-
Notifications
You must be signed in to change notification settings - Fork 4.1k
SQLState(08006) error causing HTTP 500 error upstream #31645
Description
Describe the problem
While conducting a routine migration, customer encountered the following:
- Context canceled / aborted transactions in the logs, for example:
W181019 15:24:49.629554 61831020 internal/client/txn.go:556 [n2,client=130.211.2.195:59869,user=foo] failure aborting transaction: HandledRetryableTxnError: TransactionAbortedError: txn aborted "sql txn" id=581b6de4 key=/Table/82/1/"\xe4\x15\xd4\xe7\xab\xc4G\x1d\x9c5\xd99\x98\xab\xe2\xf5"/0 rw=true pri=0.03491282 iso=SERIALIZABLE stat=PENDING epo=0 ts=1539962689.619304580,0 orig=1539962689.619304580,0 max=1539962690.119304580,0 wto=false rop=false seq=2; abort caused by: failed to send RPC: sending to all 3 replicas failed; last error: {<nil> context canceled} I181019 15:24:56.600105 181 gossip/gossip.go:488 [n2] gossip status (ok, 3 nodes) - Upstream SQLSTATE(08006) errors in HikariCP:
WARN c.z.hikari.pool.ProxyConnection - roach - Connection org.postgresql.jdbc.PgConnection@594e7e23 marked as broken because of SQLSTATE(08006), ErrorCode(0) - HTTP 500 errors in their application due to the broken connection & 08006 error.

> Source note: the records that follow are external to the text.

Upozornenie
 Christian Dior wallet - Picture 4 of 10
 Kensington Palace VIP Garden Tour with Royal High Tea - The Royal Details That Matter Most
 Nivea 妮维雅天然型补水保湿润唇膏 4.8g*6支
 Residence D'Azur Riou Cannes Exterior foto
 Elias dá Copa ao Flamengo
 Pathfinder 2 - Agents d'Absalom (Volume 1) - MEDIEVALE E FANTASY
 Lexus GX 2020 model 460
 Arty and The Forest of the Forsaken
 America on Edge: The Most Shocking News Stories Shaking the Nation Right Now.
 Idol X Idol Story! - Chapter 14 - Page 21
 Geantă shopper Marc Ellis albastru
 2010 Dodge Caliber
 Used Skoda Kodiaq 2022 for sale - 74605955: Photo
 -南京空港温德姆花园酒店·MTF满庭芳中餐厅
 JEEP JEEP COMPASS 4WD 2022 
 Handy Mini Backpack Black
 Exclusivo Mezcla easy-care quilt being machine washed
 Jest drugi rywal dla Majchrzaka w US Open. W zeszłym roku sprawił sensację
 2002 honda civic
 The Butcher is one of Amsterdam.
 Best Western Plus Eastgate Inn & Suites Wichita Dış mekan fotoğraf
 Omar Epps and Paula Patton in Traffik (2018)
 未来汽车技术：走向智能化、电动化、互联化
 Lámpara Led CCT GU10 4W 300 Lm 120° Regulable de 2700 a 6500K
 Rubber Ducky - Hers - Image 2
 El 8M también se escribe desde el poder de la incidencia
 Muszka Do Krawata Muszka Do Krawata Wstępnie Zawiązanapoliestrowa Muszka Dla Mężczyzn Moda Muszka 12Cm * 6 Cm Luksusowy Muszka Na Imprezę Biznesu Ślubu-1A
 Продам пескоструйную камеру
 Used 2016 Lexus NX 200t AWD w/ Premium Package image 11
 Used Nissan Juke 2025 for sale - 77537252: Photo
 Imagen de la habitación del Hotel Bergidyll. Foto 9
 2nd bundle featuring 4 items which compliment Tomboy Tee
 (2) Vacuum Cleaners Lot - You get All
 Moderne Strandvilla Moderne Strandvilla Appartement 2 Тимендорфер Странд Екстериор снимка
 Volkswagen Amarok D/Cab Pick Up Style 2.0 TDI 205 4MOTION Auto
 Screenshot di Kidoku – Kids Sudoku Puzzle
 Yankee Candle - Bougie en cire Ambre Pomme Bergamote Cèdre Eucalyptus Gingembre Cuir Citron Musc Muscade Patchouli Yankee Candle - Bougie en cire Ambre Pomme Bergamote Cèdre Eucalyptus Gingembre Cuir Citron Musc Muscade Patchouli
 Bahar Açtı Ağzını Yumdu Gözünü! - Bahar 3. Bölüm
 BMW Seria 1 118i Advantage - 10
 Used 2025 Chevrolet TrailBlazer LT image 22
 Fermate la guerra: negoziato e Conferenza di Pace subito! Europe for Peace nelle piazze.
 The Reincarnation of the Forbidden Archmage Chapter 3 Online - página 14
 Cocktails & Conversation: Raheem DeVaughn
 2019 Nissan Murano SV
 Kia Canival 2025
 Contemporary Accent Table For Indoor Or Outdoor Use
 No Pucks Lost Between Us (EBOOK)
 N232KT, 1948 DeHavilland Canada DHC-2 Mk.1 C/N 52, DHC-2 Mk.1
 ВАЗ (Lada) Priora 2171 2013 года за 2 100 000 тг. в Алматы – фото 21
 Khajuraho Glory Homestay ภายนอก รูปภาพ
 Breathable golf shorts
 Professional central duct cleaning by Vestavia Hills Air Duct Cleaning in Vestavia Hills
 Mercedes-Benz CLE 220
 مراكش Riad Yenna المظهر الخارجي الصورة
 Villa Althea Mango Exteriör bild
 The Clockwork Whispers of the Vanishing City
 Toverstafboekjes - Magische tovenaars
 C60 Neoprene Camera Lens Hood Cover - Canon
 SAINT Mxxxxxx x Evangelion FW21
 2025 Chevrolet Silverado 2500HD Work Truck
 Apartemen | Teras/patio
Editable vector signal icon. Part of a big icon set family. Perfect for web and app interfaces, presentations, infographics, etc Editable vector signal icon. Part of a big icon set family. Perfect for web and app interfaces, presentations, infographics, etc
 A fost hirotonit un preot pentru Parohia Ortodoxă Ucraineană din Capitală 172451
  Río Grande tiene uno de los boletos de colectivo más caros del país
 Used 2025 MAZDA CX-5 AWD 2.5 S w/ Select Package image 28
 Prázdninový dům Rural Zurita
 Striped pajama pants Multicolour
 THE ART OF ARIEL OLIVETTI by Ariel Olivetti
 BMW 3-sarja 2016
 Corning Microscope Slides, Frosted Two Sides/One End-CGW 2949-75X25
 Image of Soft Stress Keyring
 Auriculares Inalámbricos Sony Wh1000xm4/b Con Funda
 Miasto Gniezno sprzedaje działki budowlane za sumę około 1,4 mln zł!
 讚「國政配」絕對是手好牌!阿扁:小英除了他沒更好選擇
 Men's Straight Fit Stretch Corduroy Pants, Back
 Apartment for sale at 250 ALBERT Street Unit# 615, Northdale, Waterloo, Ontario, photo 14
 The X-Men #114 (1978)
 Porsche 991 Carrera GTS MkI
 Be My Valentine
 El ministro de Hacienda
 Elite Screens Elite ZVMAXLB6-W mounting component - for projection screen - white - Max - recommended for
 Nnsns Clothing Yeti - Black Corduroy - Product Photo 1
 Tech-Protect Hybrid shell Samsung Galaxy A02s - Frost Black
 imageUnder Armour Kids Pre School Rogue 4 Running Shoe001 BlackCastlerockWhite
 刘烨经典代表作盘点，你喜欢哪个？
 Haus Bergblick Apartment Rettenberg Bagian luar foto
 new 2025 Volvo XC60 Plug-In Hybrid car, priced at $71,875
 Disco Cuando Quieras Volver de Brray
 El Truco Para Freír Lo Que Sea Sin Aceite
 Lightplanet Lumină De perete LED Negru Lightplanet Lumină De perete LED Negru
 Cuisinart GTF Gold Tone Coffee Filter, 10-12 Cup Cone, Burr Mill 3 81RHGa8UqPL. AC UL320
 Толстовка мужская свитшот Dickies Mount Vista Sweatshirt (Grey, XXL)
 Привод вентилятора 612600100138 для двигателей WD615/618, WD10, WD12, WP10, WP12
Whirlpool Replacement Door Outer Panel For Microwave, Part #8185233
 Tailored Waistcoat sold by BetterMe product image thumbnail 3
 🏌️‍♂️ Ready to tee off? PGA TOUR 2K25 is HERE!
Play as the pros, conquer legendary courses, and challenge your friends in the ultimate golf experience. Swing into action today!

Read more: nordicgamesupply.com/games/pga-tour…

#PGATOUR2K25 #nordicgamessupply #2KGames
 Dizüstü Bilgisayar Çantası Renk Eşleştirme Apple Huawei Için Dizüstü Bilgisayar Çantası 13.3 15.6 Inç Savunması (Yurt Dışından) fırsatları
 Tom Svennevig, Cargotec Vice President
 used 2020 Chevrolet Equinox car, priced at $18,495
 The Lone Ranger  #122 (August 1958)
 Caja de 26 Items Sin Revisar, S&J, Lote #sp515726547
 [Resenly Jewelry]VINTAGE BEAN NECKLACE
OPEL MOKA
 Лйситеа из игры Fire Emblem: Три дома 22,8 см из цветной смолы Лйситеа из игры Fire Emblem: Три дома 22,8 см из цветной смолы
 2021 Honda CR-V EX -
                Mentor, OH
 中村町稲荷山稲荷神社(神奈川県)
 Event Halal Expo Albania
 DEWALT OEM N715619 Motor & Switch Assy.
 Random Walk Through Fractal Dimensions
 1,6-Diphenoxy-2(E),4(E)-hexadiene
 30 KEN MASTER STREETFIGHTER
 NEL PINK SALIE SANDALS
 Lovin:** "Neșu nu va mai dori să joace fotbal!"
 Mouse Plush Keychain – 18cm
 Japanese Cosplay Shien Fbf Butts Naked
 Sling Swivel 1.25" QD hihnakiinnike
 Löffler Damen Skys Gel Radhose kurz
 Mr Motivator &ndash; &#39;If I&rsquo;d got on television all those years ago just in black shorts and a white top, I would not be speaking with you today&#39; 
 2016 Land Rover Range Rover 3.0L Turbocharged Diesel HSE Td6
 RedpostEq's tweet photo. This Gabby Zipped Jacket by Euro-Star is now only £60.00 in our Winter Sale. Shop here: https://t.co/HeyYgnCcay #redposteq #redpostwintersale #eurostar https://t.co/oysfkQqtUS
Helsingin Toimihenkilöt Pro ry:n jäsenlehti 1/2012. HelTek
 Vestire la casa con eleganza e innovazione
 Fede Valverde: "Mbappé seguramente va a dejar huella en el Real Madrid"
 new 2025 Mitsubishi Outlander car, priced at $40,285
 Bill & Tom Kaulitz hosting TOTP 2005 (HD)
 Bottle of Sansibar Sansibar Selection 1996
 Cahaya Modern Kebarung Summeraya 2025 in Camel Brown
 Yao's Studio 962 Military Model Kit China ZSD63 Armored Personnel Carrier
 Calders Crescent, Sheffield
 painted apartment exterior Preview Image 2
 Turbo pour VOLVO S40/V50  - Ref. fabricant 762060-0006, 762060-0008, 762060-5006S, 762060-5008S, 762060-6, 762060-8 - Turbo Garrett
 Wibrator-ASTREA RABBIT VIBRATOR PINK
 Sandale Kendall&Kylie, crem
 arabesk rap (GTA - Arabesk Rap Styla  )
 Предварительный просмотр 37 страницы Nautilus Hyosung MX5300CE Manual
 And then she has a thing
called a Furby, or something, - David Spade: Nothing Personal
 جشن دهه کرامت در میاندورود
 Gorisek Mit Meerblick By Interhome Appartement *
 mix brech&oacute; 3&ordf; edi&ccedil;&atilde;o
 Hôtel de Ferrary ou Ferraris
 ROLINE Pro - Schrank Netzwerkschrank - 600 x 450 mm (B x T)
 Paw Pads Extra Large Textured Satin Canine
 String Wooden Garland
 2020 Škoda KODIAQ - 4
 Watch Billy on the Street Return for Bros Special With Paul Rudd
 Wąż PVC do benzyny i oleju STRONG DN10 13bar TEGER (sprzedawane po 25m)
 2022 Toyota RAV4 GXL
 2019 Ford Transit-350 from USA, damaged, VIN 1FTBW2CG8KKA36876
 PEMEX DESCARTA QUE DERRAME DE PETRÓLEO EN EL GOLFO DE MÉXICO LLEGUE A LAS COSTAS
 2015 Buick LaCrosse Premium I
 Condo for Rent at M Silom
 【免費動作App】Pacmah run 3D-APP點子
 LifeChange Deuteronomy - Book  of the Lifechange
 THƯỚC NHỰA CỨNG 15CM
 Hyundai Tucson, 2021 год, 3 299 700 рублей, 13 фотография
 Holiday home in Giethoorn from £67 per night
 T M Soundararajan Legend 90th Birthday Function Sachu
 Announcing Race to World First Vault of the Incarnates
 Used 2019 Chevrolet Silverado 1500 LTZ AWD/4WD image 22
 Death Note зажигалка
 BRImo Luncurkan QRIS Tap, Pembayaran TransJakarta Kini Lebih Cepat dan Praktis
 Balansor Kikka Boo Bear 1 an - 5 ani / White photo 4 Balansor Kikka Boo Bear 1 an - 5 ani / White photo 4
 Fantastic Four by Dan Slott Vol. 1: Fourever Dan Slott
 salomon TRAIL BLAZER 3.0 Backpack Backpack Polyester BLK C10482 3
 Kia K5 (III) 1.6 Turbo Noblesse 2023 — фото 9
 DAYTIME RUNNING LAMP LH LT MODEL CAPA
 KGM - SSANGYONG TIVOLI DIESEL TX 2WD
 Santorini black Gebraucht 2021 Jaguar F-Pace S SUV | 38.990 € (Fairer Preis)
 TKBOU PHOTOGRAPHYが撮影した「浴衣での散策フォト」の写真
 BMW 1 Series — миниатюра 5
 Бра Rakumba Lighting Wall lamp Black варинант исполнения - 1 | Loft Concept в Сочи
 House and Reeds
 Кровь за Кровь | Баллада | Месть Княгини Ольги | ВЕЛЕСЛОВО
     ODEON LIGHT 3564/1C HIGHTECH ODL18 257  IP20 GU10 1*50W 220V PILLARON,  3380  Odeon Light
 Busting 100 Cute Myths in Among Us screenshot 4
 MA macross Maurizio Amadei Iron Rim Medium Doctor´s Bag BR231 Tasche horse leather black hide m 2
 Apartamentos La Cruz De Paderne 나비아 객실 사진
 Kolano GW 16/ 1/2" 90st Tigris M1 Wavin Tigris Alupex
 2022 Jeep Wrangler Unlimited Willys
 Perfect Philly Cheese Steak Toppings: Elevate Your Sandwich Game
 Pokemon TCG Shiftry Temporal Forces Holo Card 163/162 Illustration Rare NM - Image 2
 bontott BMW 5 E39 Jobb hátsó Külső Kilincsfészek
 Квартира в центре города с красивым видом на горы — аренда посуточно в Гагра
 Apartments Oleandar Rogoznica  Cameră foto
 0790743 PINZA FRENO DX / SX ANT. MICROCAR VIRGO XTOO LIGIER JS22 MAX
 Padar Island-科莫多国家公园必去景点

Looking in our code, I see code 08006 is the result of a CodeConnectionFailureError. These are called only twice: in schema_changer.go and inbound.go:99
The comment above that line does seem to describe the condition described in the log warning. However, it's not clear why the result of this race is a 08006 error since that would usually indicate a problem with the connection while (at least as far as I can see) the underlying issue is just context cancellation.
To Reproduce
This doesn't reproduce easily, but did result in 4 errors today for the customer during routine migrations.
Environment:
Postgres JDBC 42.1.3
Hibernate 5.1.8.Final
HikariCP 3.2.0
CRDB version to be provided.
Additional context
What was the impact?
HTTP 500 errors potentially sent to end users.
@vivekmenezes, assigning to you first since @andreimatei indicated you wrote this portion of the code. If there's a better home let me know.